TRY IT:
Set down the full data below exactly as given, please.

DATA SHOWN:
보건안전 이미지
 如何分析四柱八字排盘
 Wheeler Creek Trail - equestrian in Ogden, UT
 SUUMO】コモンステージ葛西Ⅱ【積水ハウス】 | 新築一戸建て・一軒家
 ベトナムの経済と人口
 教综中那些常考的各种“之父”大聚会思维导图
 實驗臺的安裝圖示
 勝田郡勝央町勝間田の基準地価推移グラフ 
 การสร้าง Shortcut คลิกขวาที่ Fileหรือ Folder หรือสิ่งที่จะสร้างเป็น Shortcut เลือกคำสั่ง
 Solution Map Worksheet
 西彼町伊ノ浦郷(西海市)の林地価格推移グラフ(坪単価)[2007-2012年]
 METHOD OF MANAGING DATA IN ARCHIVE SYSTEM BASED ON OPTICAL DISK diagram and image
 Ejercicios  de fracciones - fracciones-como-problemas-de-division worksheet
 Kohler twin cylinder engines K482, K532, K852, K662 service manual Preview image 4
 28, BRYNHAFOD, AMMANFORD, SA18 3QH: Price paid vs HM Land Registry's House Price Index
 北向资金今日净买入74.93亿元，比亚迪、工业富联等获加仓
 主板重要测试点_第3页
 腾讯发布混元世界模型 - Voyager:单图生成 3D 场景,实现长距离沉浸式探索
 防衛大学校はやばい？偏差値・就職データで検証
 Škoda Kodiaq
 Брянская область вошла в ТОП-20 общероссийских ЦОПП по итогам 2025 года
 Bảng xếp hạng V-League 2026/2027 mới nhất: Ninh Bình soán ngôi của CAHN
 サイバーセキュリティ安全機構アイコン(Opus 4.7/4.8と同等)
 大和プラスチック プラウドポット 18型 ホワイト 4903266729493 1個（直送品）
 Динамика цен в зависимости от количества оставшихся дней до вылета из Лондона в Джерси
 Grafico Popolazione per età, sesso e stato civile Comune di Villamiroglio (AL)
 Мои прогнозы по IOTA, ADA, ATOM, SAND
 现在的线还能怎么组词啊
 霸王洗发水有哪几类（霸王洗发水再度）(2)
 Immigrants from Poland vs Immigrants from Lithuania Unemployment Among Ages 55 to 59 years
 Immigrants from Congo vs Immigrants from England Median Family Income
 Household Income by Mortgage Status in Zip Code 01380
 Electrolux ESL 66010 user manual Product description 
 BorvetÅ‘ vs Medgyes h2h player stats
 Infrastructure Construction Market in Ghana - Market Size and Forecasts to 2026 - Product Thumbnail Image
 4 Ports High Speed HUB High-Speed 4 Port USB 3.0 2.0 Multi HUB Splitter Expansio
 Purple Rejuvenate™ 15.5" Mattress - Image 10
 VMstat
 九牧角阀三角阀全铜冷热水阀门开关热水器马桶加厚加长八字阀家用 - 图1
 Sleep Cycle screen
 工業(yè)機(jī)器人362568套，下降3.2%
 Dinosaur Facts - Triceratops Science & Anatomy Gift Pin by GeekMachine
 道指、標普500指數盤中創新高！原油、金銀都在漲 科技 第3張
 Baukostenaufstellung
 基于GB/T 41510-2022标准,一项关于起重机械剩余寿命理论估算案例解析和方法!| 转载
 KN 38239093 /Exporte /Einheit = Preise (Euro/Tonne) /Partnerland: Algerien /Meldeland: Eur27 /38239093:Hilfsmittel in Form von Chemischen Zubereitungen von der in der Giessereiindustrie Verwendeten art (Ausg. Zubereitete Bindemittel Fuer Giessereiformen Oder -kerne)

ANSWER BOX:
보건안전 이미지
 如何分析四柱八字排盘
 Wheeler Creek Trail - equestrian in Ogden, UT
 SUUMO】コモンステージ葛西Ⅱ【積水ハウス】 | 新築一戸建て・一軒家
 ベトナムの経済と人口
 教综中那些常考的各种“之父”大聚会思维导图
 實驗臺的安裝圖示
 勝田郡勝央町勝間田の基準地価推移グラフ 
 การสร้าง Shortcut คลิกขวาที่ Fileหรือ Folder หรือสิ่งที่จะสร้างเป็น Shortcut เลือกคำสั่ง
 Solution Map Worksheet
 西彼町伊ノ浦郷(西海市)の林地価格推移グラフ(坪単価)[2007-2012年]
 METHOD OF MANAGING DATA IN ARCHIVE SYSTEM BASED ON OPTICAL DISK diagram and image
 Ejercicios  de fracciones - fracciones-como-problemas-de-division worksheet
 Kohler twin cylinder engines K482, K532, K852, K662 service manual Preview image 4
 28, BRYNHAFOD, AMMANFORD, SA18 3QH: Price paid vs HM Land Registry's House Price Index
 北向资金今日净买入74.93亿元，比亚迪、工业富联等获加仓
 主板重要测试点_第3页
 腾讯发布混元世界模型 - Voyager:单图生成 3D 场景,实现长距离沉浸式探索
 防衛大学校はやばい？偏差値・就職データで検証
 Škoda Kodiaq
 Брянская область вошла в ТОП-20 общероссийских ЦОПП по итогам 2025 года
 Bảng xếp hạng V-League 2026/2027 mới nhất: Ninh Bình soán ngôi của CAHN
 サイバーセキュリティ安全機構アイコン(Opus 4.7/4.8と同等)
 大和プラスチック プラウドポット 18型 ホワイト 4903266729493 1個（直送品）
 Динамика цен в зависимости от количества оставшихся дней до вылета из Лондона в Джерси
 Grafico Popolazione per età, sesso e stato civile Comune di Villamiroglio (AL)
 Мои прогнозы по IOTA, ADA, ATOM, SAND
 现在的线还能怎么组词啊
 霸王洗发水有哪几类（霸王洗发水再度）(2)
 Immigrants from Poland vs Immigrants from Lithuania Unemployment Among Ages 55 to 59 years
 Immigrants from Congo vs Immigrants from England Median Family Income
 Household Income by Mortgage Status in Zip Code 01380
 Electrolux ESL 66010 user manual Product description 
 BorvetÅ‘ vs Medgyes h2h player stats
 Infrastructure Construction Market in Ghana - Market Size and Forecasts to 2026 - Product Thumbnail Image
 4 Ports High Speed HUB High-Speed 4 Port USB 3.0 2.0 Multi HUB Splitter Expansio
 Purple Rejuvenate™ 15.5" Mattress - Image 10
 VMstat
 九牧角阀三角阀全铜冷热水阀门开关热水器马桶加厚加长八字阀家用 - 图1
 Sleep Cycle screen
 工業(yè)機(jī)器人362568套，下降3.2%
 Dinosaur Facts - Triceratops Science & Anatomy Gift Pin by GeekMachine
 道指、標普500指數盤中創新高！原油、金銀都在漲 科技 第3張
 Baukostenaufstellung
 基于GB/T 41510-2022标准,一项关于起重机械剩余寿命理论估算案例解析和方法!| 转载
 KN 38239093 /Exporte /Einheit = Preise (Euro/Tonne) /Partnerland: Algerien /Meldeland: Eur27 /38239093:Hilfsmittel in Form von Chemischen Zubereitungen von der in der Giessereiindustrie Verwendeten art (Ausg. Zubereitete Bindemittel Fuer Giessereiformen Oder -kerne)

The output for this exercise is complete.